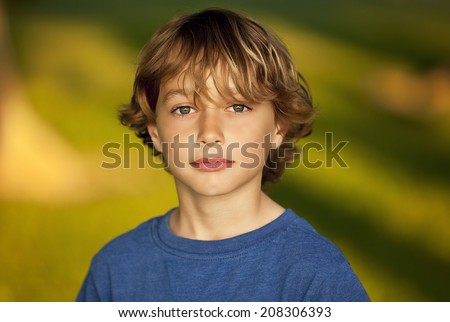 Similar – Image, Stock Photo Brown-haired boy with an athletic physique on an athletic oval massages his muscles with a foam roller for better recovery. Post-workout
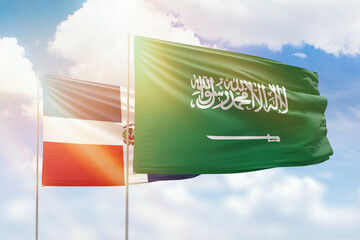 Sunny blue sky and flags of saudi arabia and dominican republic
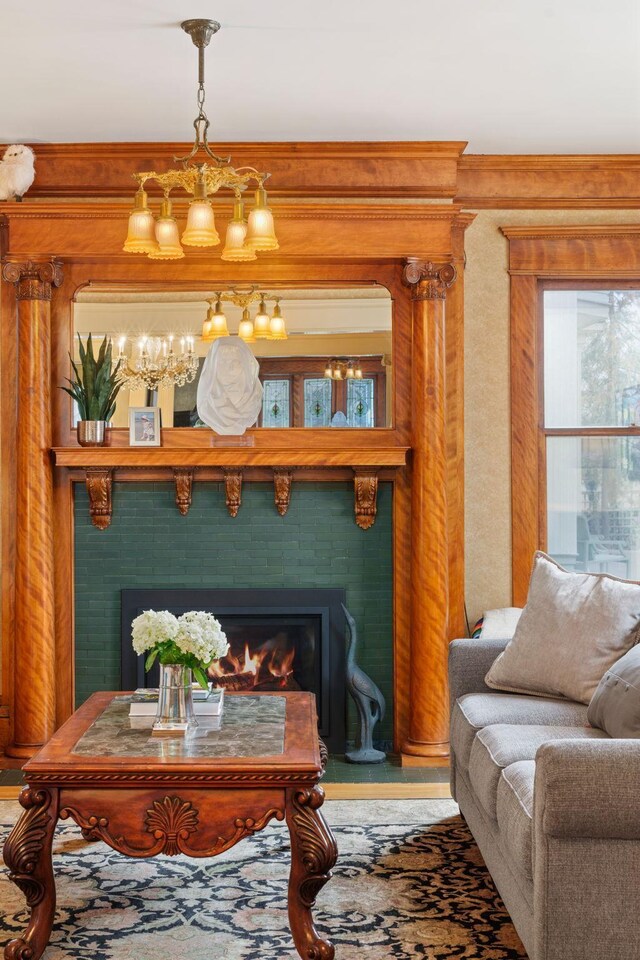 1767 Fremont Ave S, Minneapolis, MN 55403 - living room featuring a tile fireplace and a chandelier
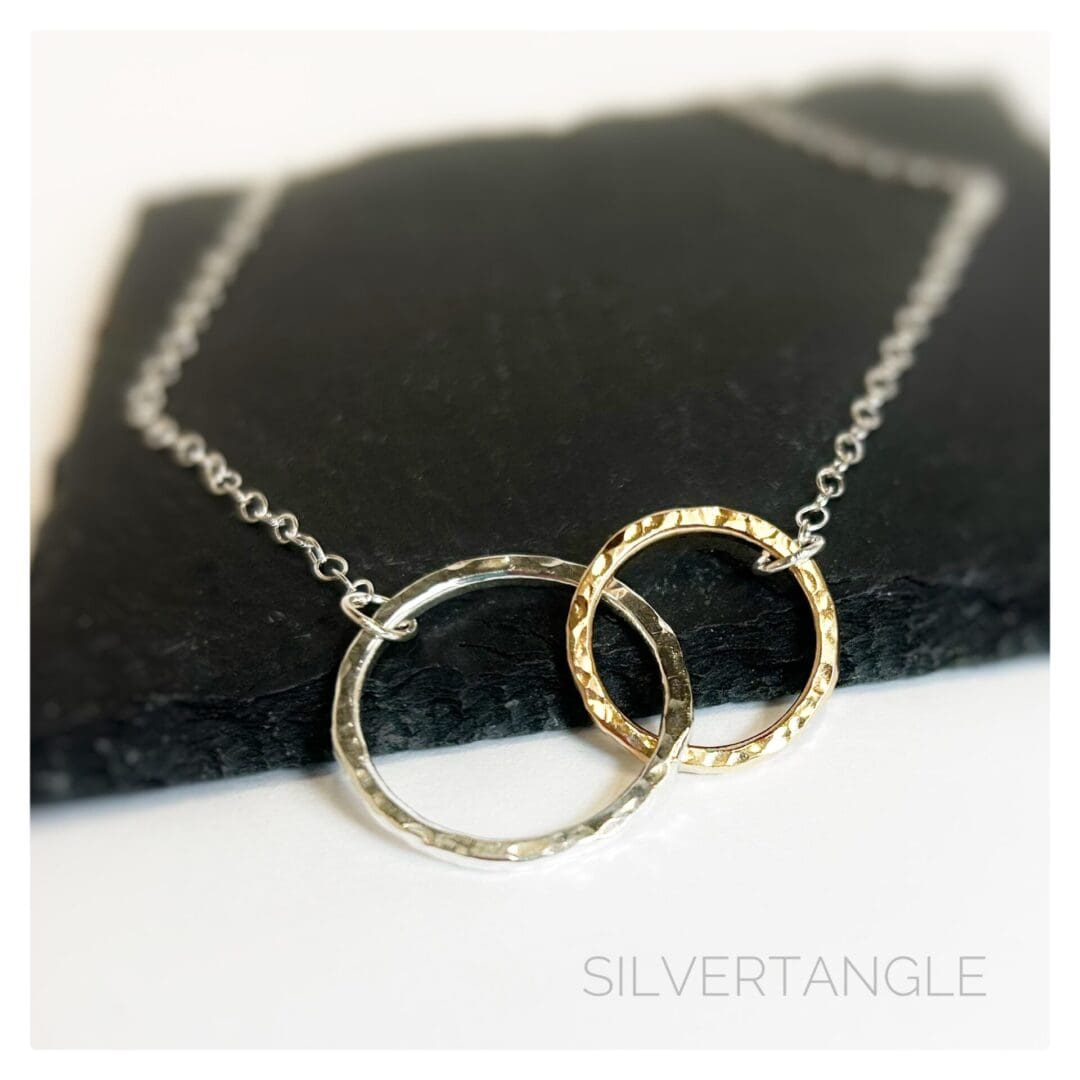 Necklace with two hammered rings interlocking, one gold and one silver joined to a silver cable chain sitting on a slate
--
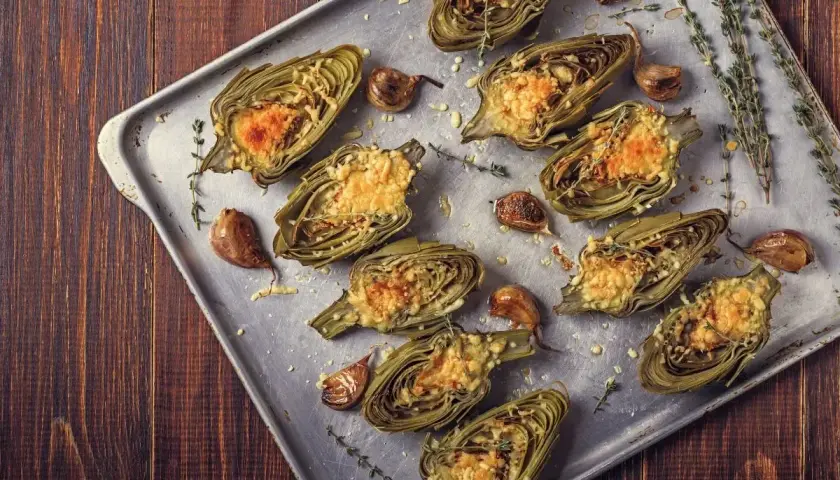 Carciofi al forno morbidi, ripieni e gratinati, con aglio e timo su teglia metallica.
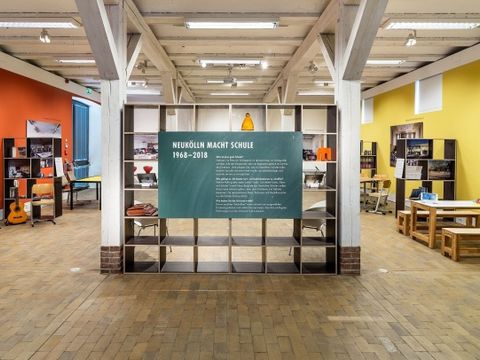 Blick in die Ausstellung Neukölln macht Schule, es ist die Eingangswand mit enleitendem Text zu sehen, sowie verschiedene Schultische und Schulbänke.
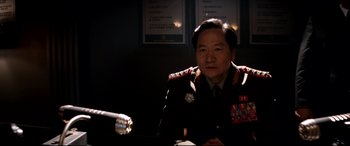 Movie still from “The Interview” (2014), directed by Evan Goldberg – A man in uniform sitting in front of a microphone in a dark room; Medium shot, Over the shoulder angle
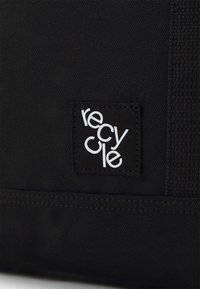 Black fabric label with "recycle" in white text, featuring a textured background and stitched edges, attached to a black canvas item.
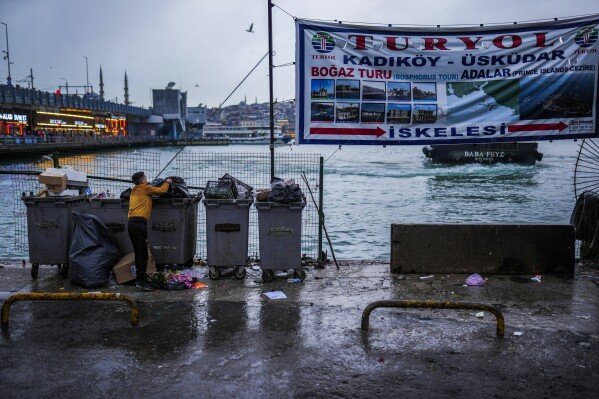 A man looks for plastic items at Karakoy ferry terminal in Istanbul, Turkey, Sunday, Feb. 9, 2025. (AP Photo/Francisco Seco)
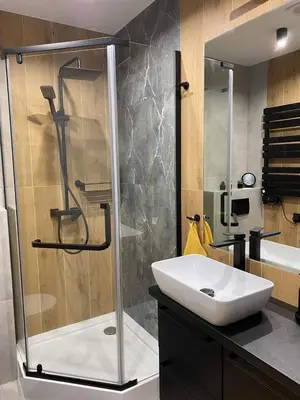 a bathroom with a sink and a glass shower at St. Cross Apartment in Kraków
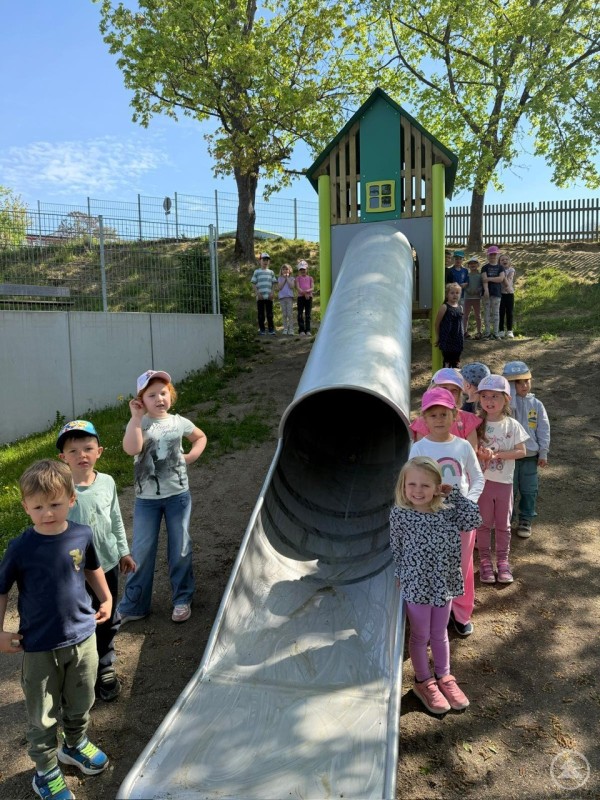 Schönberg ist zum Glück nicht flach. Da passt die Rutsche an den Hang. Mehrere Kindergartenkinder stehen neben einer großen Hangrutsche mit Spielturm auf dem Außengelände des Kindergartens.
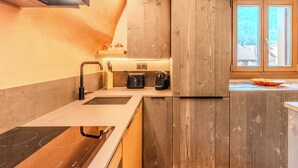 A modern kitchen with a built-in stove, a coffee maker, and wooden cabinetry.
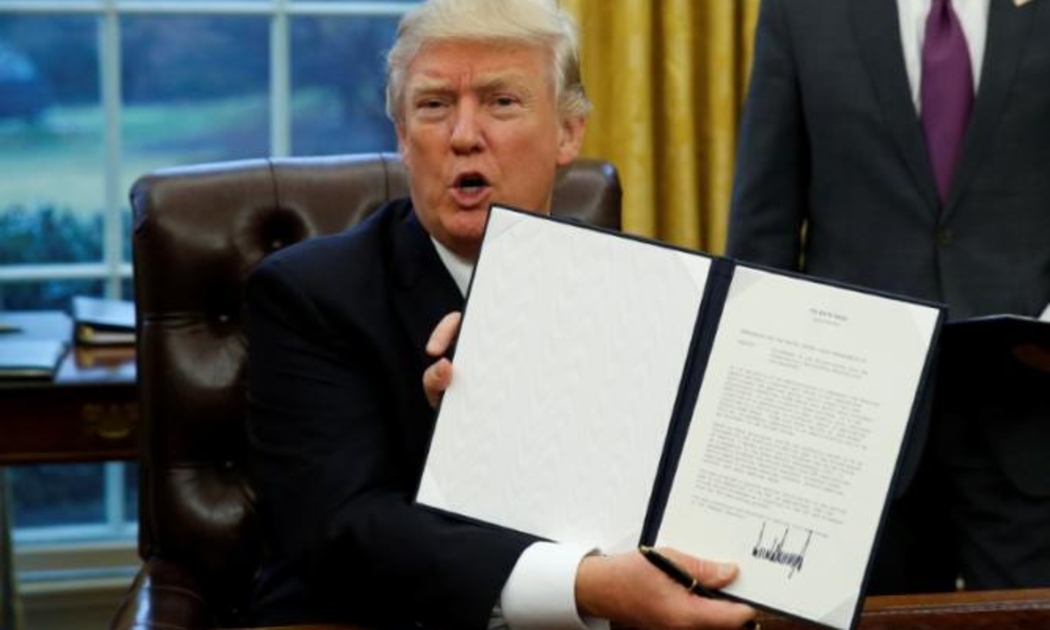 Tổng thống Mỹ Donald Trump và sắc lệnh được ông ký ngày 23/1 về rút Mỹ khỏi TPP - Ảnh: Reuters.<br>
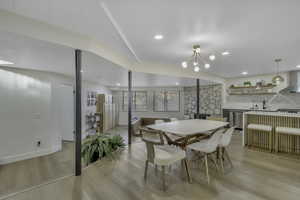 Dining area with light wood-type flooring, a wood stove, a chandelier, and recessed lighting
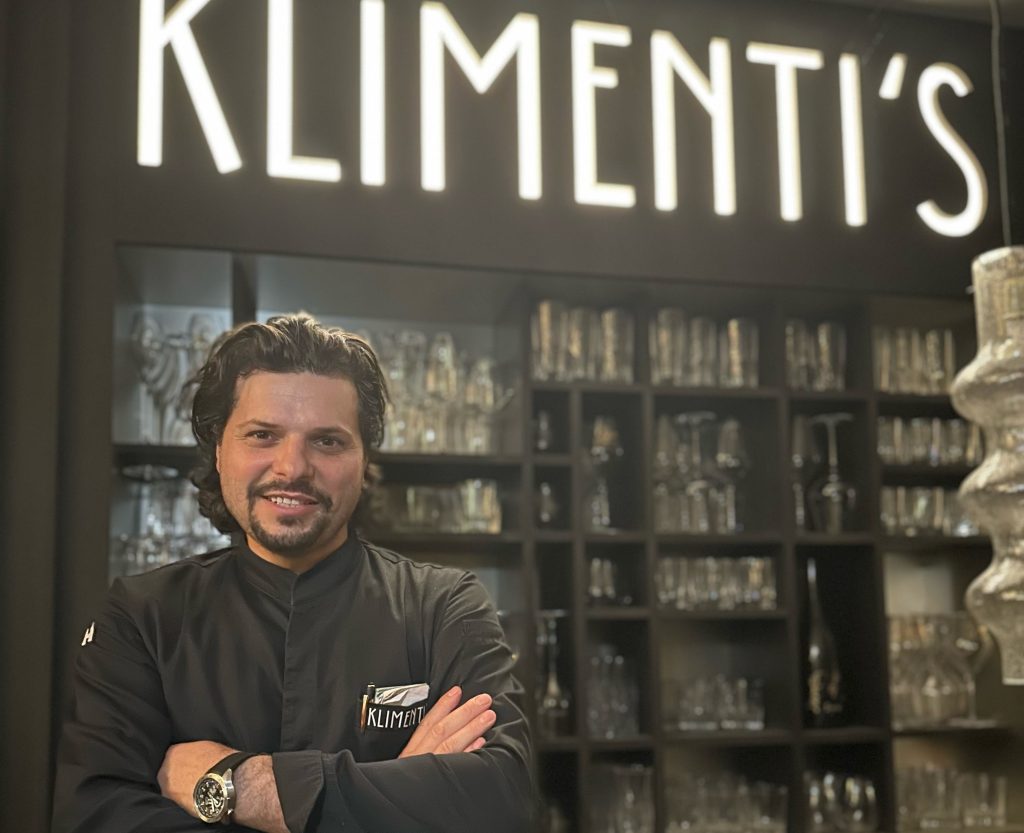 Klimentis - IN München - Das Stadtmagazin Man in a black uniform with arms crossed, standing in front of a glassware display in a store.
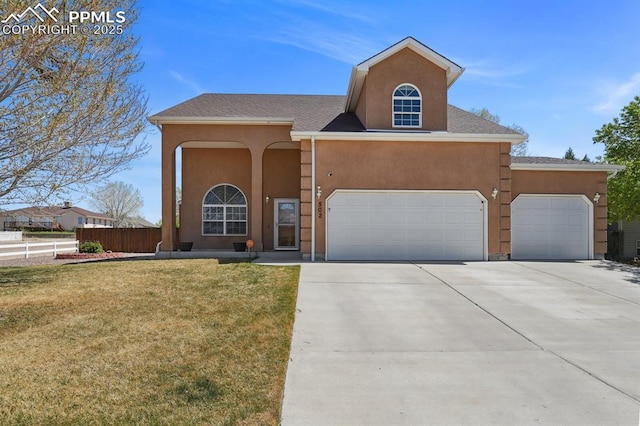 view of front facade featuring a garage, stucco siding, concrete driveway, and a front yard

Task →
Could you transcribe exactly the entries above, but only the lines from the one with "A man looks" through the one with "Tổng thống Mỹ", and without pictures?

Response to this exercise →
 A man looks for plastic items at Karakoy ferry terminal in Istanbul, Turkey, Sunday, Feb. 9, 2025. (AP Photo/Francisco Seco)
 a bathroom with a sink and a glass shower at St. Cross Apartment in Kraków
 Schönberg ist zum Glück nicht flach. Da passt die Rutsche an den Hang. Mehrere Kindergartenkinder stehen neben einer großen Hangrutsche mit Spielturm auf dem Außengelände des Kindergartens.
 A modern kitchen with a built-in stove, a coffee maker, and wooden cabinetry.
 Tổng thống Mỹ Donald Trump và sắc lệnh được ông ký ngày 23/1 về rút Mỹ khỏi TPP - Ảnh: Reuters.<br>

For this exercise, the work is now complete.